Peduli kepada sesama, itulah energi yang selayaknya kita gulirkan dalam kehidupan sehari-hari. Karena dengan peduli kepada sesama dan juga sekitar kita, maka keberkahan akan rejeki kita akan terasa, dan bisa jadi doa dari orang-orang yang mendapatkan bantuan akan membuka peluang rejeki yang lebih besar lagi bagi kita.

Itu pula yang dirasakan oleh Aulia Zulfa. Ketika ditanya motivasinya bersedekah, sembari bercanda dia menjawab bahwa dirinya, sebagai manusia biasa, bercita-cita menjadi orang kaya. “Kalau jadi orang kaya kita bisa membantu orang lebih banyak, dan saat membantu itulah rasanya kita seneng banget. Dan janji Allah kan kalau kita berinfaq maka akan dilipat gandakan rizki yang diberikan untuk kita. Saya percaya sekali dengan janji itu”.

Di samping ingin mencapai ridho Allah yang utama, Aulia percaya bahwa semakin banyak berinfaq maka akan dimudahkan untuk menjadi orang kaya. Bukankah benar adanya, jika kita bisa membantu lebih banyak orang di sekitar kita maka kita juga akan diliputi kepuasan berbagi di dalam hati.

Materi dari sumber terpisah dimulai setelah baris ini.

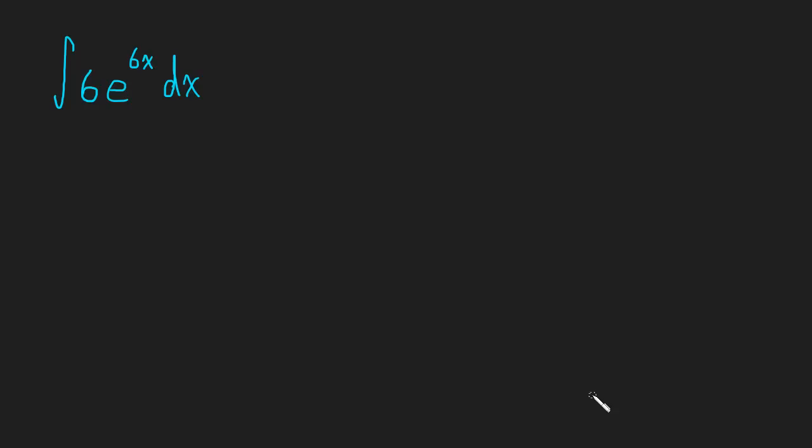Okay, here is an integral and I would like you to pause the video and attempt to solve it. Hopefully you've paused and you're back and let's go through this now.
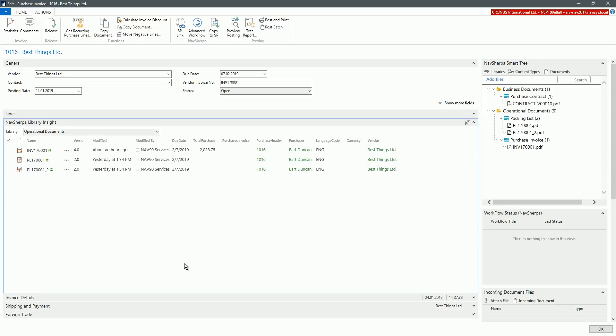The content of the library is automatically filtered according to the records on the card, so only the documents belonging to the particular record are displayed.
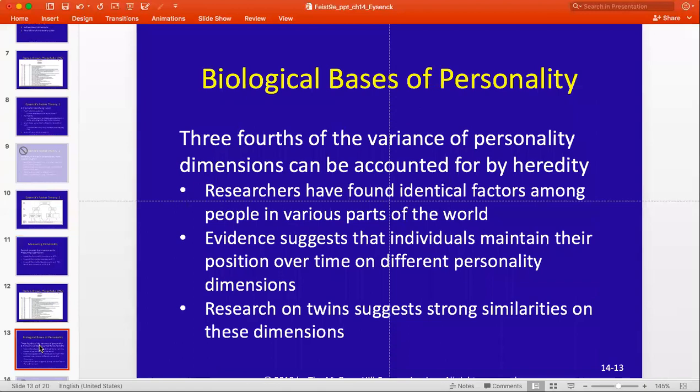Remember that one of the strong criteria Eysenck set for which traits should be included in a theoretical model is that the traits should have a biological basis. It is important to note that when Eysenck proposed these criteria, we didn't have the technology to really test out his assertions — it was based largely on speculation. But since then, we have developed things like fMRI and PET scans — positron emission tomography — that do allow us to test the theory and the biological basis of P, E, and N.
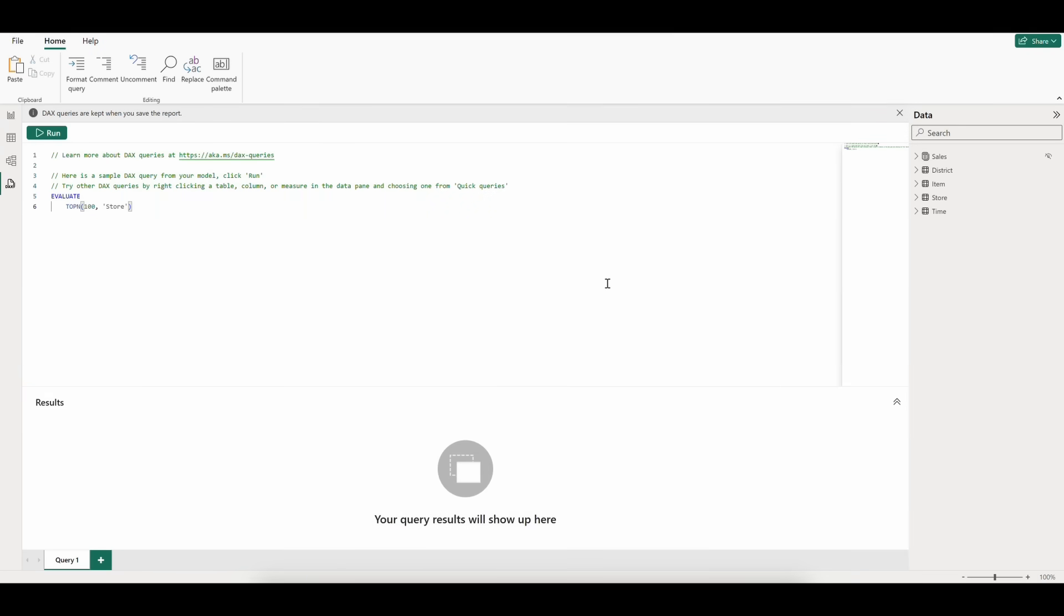In order to take this editor for a spin, we're going to utilize the StoreSalesPBIX file from Microsoft. I'll leave a link to the file in the description so you can follow along with the video if you like. After we've got the file open,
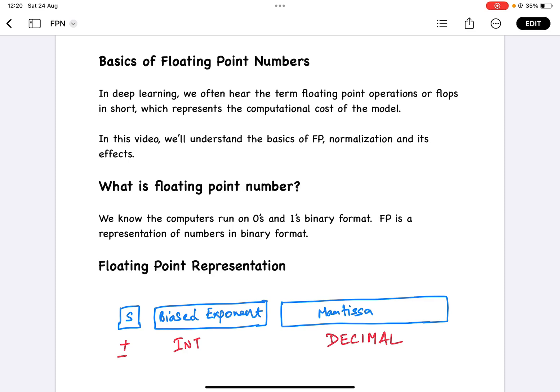A floating point number contains a sign bit, a biased exponent, and a mantissa. The mantissa is the decimal part of it, the biased exponent is the integer part, and the sign represents positive or negative.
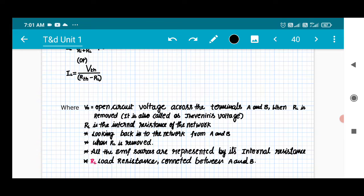V0 is the open circuit voltage across the terminals A and B when RL is removed, and it is also called Thevenin's voltage. RI is the internal resistance of the network, looking back into the network from A and B when RL is removed and all the EMF sources are replaced by their internal resistances.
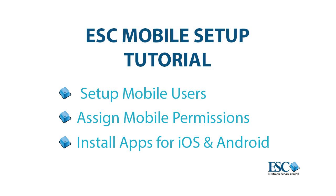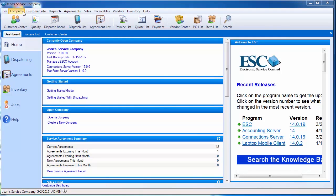Hello and welcome to the ESC Mobile Setup tutorial video. Here you will learn how to create mobile users and assign mobile permissions in the ESC desktop software. Plus, we will cover where to download our ESC Mobile Tech and ESC Mobile Manager apps.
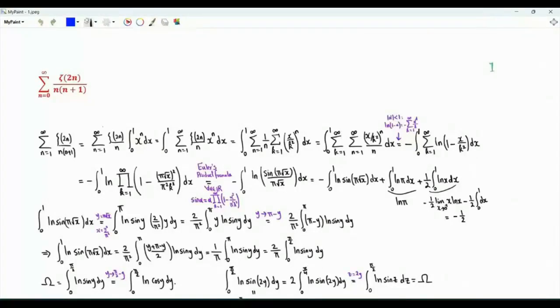Bismillah ar-Rahman ar-Rahim. Our first sum is the series over non-negative integers n of zeta of 2n divided by n times n plus 1.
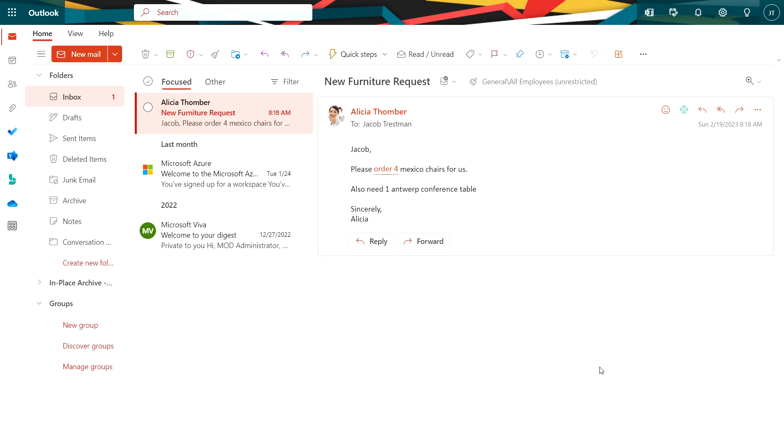Here's the email from my customer. She's looking for four Mexico chairs and a conference table. I can access Business Central information directly from Outlook.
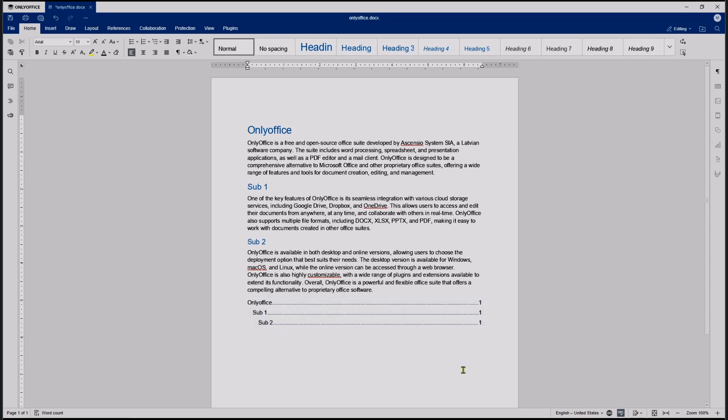Okay, that's it for a basic OnlyOffice document tutorial, how to create table of contents. If you have any questions about the tutorial, you can comment below this video.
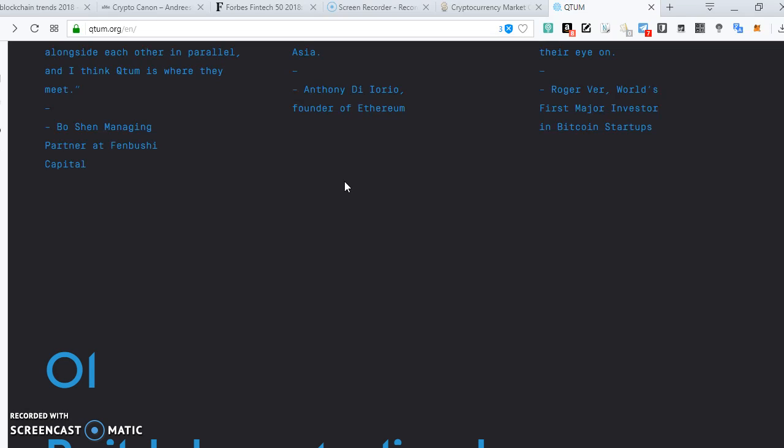So what basically happens is that at the top of it you have the Ethereum network and then in between the Bitcoin and then the Quantum network is what will have something called the abstraction layer.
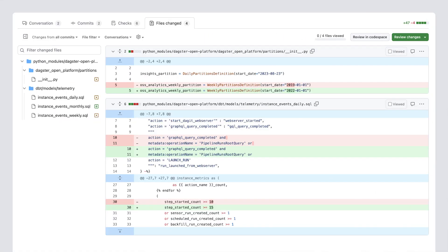This also makes branch deployments a great tool for collaboration and code review. Rather than sifting through lines of code to determine which assets will be affected by a particular pull request, you can use the UI to quickly see the scope of code changes. Here, we have a PR where we've modified some dbt models. We've also updated the start date of one of our partitions, but we aren't sure exactly how many assets this change is going to affect.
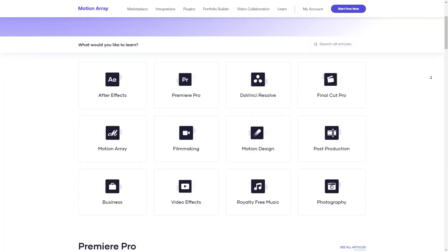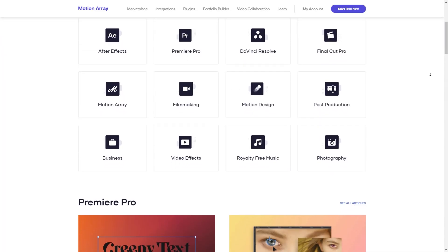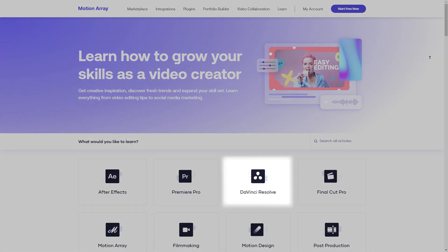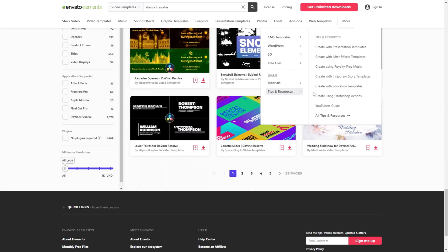Both Motion Array and Envato Elements have what they call a learn section, where they have different tutorials. But I find Motion Array is the only one that actually caters directly to DaVinci Resolve. Whereas Envato Elements, since they have such a broad scope of assets outside of just video editing, the tutorials in their learn section cover a wide spectrum of topics.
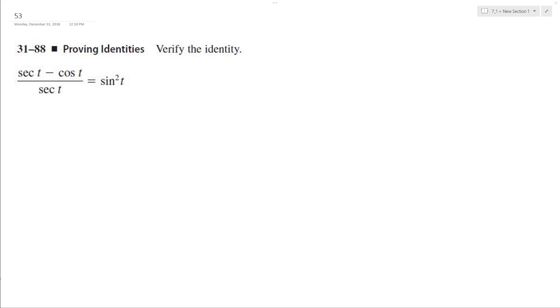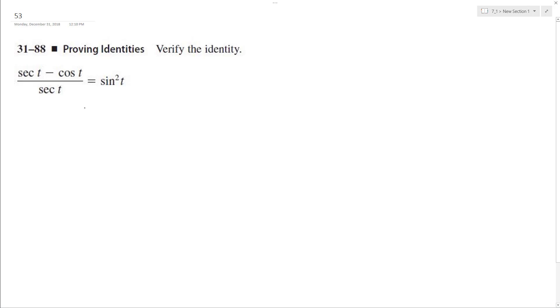Alright, we want to prove the following identity. So to do that, what I'm going to do here is I'm going to rewrite this in basic components.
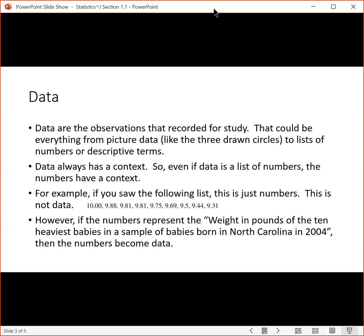Data always has a context. So even if data is a list of numbers, there has to be a context attached for it to be data. For example, if you saw the following list with no context attached, it's just numbers. So if you had 10, 9.88, 9.81, there's no other information supplied other than just those numbers. That's not data. That's just a list of numbers.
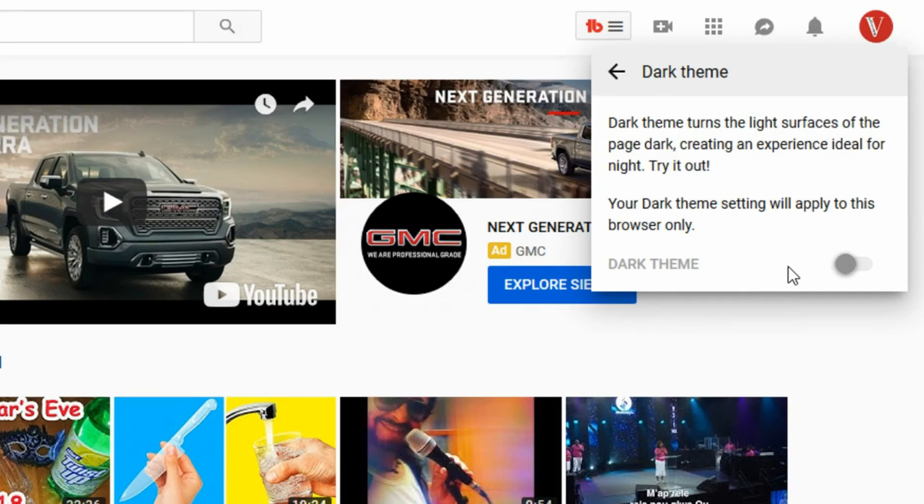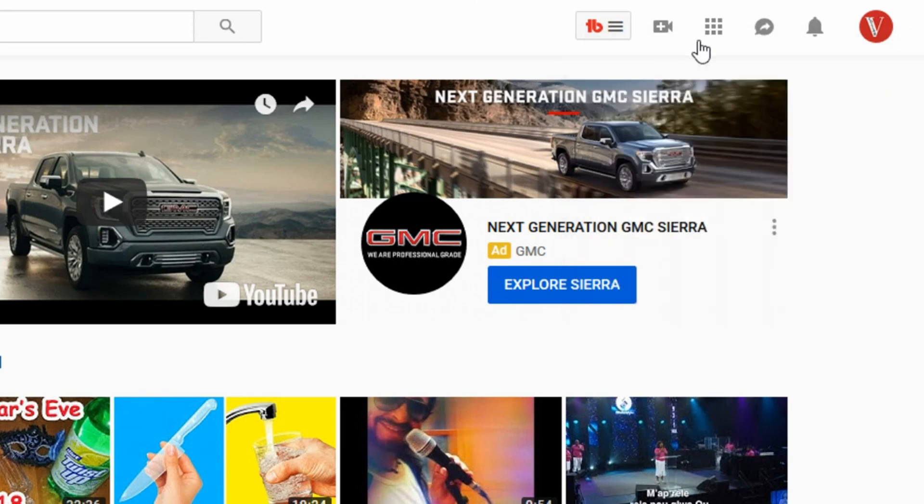So, thanks for watching and don't forget to thumbs up, like and subscribe and stay tuned for new videos.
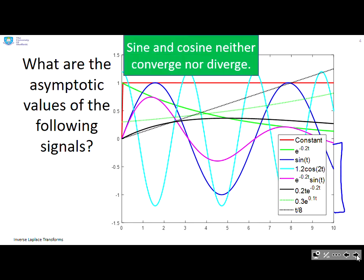If we look at sine and cosine — for example, this dark blue one is the sine. What can you tell me about convergence? Well, it never converges, and neither does the cosine. So there is no asymptotic value — don't try to find one.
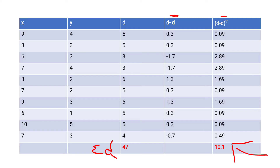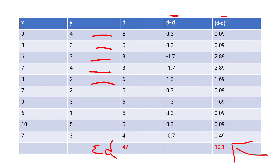Put the values in a table with columns. X values (before): 9, 8, 6, 7, 8, 7, 9, 6, 10, 7. Y values (after): 4, 3, 3, 4, 2, 2, 3, 1, 5, 3. Next find the difference D = X minus Y: 9−4=5, 8−3=5, 6−3=3, 7−4=3, 8−2=6, 7−2=5, 9−3=6, 6−1=5, 10−5=5, 7−3=4.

Menurut Aulia, berkah inifaq juga mempengaruhi usaha butik yang dirintisnya. “Dulu awalnya butik Aulia hanya berupa tumpukan baju yang diletakkan di atas meja, karna memang jumlahnya sedikit. Namun kini, butik Aulia telah memiliki aneka etalase, dan stok pakaian yang lebih banyak dan beragam,” ujar perempuan 31 tahun ini.

Ibu dari tiga orang putra ini bertutur menetapkan pilihan berinfaq di LMI karna awalnya dulu agak was-was apakah bisa menyalurkan infaqnya dengan tepat pada orang lain.

“Karna saya tidak tahu apakah orang yang saya bantu itu benar-benar butuh ataukah hanya pura-pura butuh. Nah dengan adanya LMI saya bisa lebih percaya karna LMI pasti punya cara sendiri untuk mengenali kebutuhan orang-orang yang membutuhkan bantuan, sehingga tepat sasaran” tutur istri dari Komarudin ini.

“Semoga makin banyak masyarakat yang bersama-sama menyalurkan zakat dan infaqnya ke LMI, sehingga LMI bisa semakin berkembang dan bisa membantu lebih banyak orang yang membutuhkan.” pungkas Aulia.